OPÉRA – En ouverture de sa saison lyrique, l’Opéra de Lyon propose la création locale de l’opéra tentaculaire de Richard Strauss : La Femme sans Ombre, sur un livret ésotérique de Hugo von Hofmannsthal.
Vue globale : Sortir de l’ombre
Afin de pouvoir représenter La Femme sans Ombre de Richard Strauss dans les meilleurs conditions possibles et compte-tenu des contraintes imposées par les limites de la salle et de la fosse d’orchestre, l’Opéra de Lyon a choisi de retenir l’adaptation orchestrale pour 70 musiciens réalisée par Leonard Eröd, spécialiste en la matière.
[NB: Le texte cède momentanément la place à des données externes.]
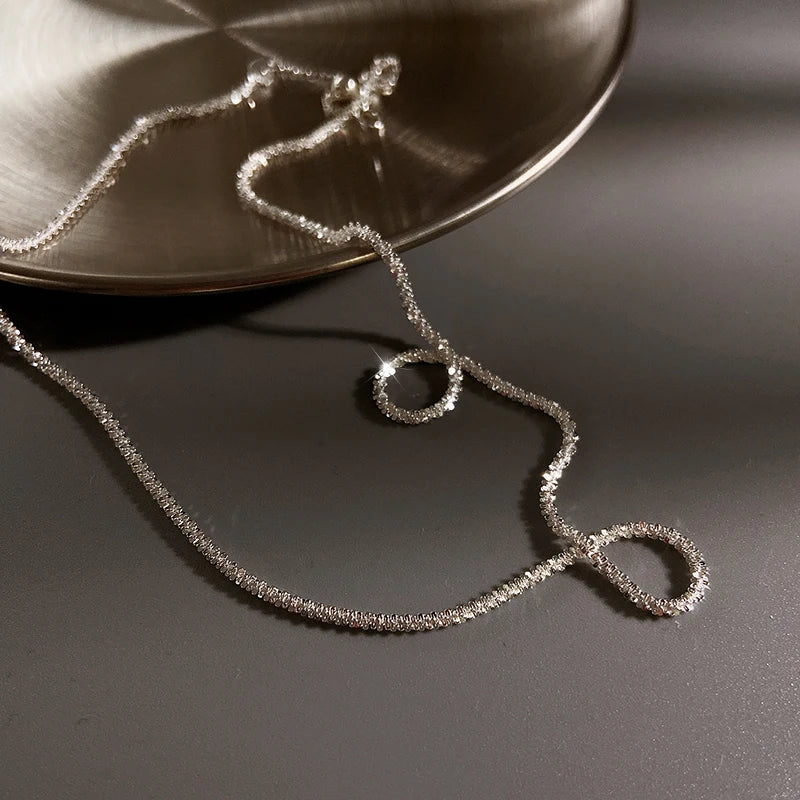 Silver Choker Necklace for Women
Cette version a le grand mérite de conserver presque intacte la majeure partie de la luxuriance de la partition et surtout la multiplicité des couleurs orchestrales sans les dénaturer. Seules les notes d’attaque de l’ouvrage, quelque peu rêches, demanderaient à être modifiées, l’entrée en matière perdant un peu de sa force.
L’orchestre au zénith
Placé à la tête de son orchestre et des chœurs de l’Opéra, Daniele Rustioni livre une lecture enfiévrée, puissante, explorant avec virtuosité tous les méandres de la partition fleuve de Richard Strauss et d’une rare exigence vocale. Les interventions magnifiques et lumineuses du premier violon de l’orchestre (Nicolas Gourbeix) et du violoncelle solo (Ewa Miecznikowska) sont par ailleurs grandement à souligner tant elles parviennent à surligner les aspects poétiques de la musique.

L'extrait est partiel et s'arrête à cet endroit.